IV. BOZMA VE BOZMADAN SONRAKİ YARGILAMA SÜRECİ
A. Bozma Kararı
1. Mahkemenin yukarıda belirtilen kararına karşı süresi içinde davalı Hazine temsilcisi tarafından temyiz isteminde bulunulmuştur.
2. Yargıtay 8. Hukuk Dairesinin 25.03.2010 tarihli ve 2009/6424 Esas, 2010/1324 Karar sayılı kararıyla; çekişmeli taşınmazın sınırında mera olduğu açıklanarak yöntemine uygun şekilde mera araştırması yapılması ve komşu taşınmazların dayanak belgelerinin getirtilerek keşif sırasında taşınmazın yönünü ne okuduğu belirlenmek suretiyle zemine uygulanması gereğine değinilerek hükmün bozulmasına karar verilmiştir.

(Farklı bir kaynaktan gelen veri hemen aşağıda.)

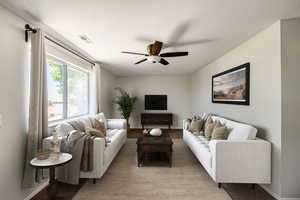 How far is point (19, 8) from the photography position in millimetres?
1991

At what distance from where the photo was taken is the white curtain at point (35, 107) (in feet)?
7.24

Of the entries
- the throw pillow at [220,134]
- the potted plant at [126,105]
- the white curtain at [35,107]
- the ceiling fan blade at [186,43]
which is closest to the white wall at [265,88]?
the throw pillow at [220,134]

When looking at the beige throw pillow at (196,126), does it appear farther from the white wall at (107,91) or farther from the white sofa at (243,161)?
the white wall at (107,91)

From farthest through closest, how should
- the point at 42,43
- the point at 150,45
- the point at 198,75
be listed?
the point at 198,75
the point at 150,45
the point at 42,43

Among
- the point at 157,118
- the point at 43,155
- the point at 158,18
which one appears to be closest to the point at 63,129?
the point at 43,155

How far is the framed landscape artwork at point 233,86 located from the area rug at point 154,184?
5.28 feet

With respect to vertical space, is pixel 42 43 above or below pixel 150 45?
below

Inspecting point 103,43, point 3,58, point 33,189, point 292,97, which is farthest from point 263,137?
point 3,58

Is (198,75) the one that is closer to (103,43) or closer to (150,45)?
(150,45)

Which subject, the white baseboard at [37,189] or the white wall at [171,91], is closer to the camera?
the white baseboard at [37,189]

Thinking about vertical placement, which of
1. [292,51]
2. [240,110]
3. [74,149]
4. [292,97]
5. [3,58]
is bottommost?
[74,149]

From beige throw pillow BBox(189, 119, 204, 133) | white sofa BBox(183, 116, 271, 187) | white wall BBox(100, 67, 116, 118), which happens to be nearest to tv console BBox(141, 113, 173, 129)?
white wall BBox(100, 67, 116, 118)

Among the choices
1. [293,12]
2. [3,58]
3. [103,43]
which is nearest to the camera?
[3,58]

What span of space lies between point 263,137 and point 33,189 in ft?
11.7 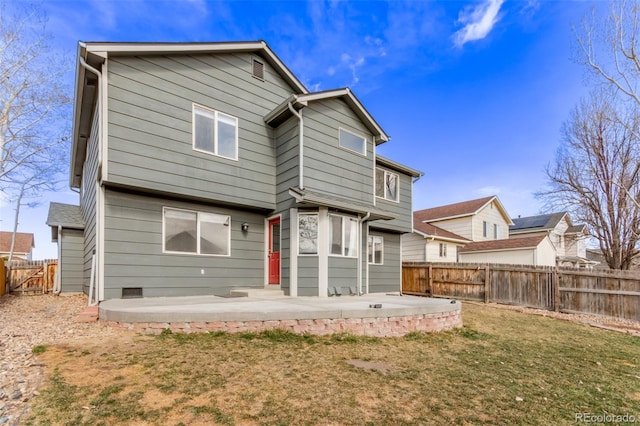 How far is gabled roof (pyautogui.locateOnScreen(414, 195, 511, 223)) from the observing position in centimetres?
2187

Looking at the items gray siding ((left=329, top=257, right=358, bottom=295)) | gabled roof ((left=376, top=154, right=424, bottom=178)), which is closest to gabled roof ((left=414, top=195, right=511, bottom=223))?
gabled roof ((left=376, top=154, right=424, bottom=178))

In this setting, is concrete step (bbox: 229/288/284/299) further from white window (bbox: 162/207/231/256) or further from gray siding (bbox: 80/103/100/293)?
gray siding (bbox: 80/103/100/293)

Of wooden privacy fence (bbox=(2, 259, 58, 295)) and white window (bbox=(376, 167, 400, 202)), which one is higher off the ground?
white window (bbox=(376, 167, 400, 202))

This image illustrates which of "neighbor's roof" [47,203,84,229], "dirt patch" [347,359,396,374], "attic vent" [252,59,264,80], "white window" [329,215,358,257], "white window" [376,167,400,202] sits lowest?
"dirt patch" [347,359,396,374]

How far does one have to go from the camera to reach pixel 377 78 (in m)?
17.6

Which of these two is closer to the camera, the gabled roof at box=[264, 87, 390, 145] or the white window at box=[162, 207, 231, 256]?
the white window at box=[162, 207, 231, 256]

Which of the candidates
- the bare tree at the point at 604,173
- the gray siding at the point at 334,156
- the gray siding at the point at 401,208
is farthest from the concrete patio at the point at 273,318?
the bare tree at the point at 604,173

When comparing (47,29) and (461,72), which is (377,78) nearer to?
(461,72)

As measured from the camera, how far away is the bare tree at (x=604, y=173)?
522 inches

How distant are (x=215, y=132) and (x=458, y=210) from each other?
18.9 metres

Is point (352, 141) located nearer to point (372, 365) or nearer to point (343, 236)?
point (343, 236)

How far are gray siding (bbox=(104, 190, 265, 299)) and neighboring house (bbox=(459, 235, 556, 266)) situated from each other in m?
15.3

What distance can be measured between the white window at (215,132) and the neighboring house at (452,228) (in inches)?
471

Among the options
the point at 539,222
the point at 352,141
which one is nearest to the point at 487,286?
the point at 352,141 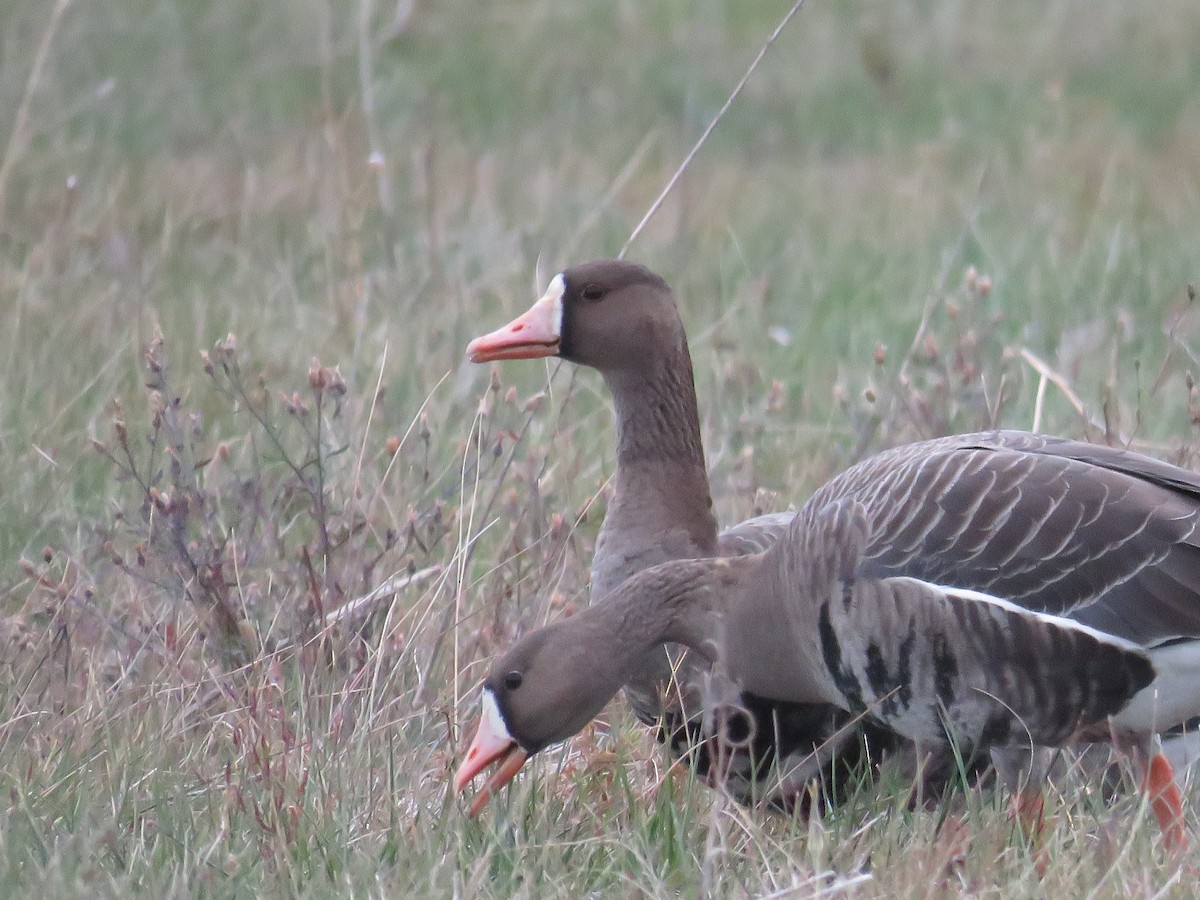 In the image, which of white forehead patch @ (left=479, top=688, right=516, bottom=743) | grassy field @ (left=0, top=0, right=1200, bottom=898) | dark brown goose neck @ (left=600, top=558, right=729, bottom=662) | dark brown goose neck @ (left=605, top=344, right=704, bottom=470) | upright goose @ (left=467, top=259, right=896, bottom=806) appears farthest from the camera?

B. Mahkemece Bozmaya Uyularak Verilen Karar
Mahkemenin 14.01.2014 tarihli ve 2010/830 Esas, 2014/23 Karar sayılı kararı ile bozma kararına uyularak yapılan yargılama sonunda davacı yararına mülk edinme koşullarının oluştuğu gerekçesiyle davanın kabulü ile hükme esas teşkil eden fen bilirkişi raporuna ekli haritada (A) harfi ile gösterilen 36657,66 metrekare taşınmazın davacı adına tapuya kayıt ve tesciline karar verilmiştir.
C. İkinci Bozma Kararı
1. Mahkemenin yukarıda belirtilen kararına karşı süresi içinde davalı Hazine temsilcisi tarafından temyiz isteminde bulunmuştur.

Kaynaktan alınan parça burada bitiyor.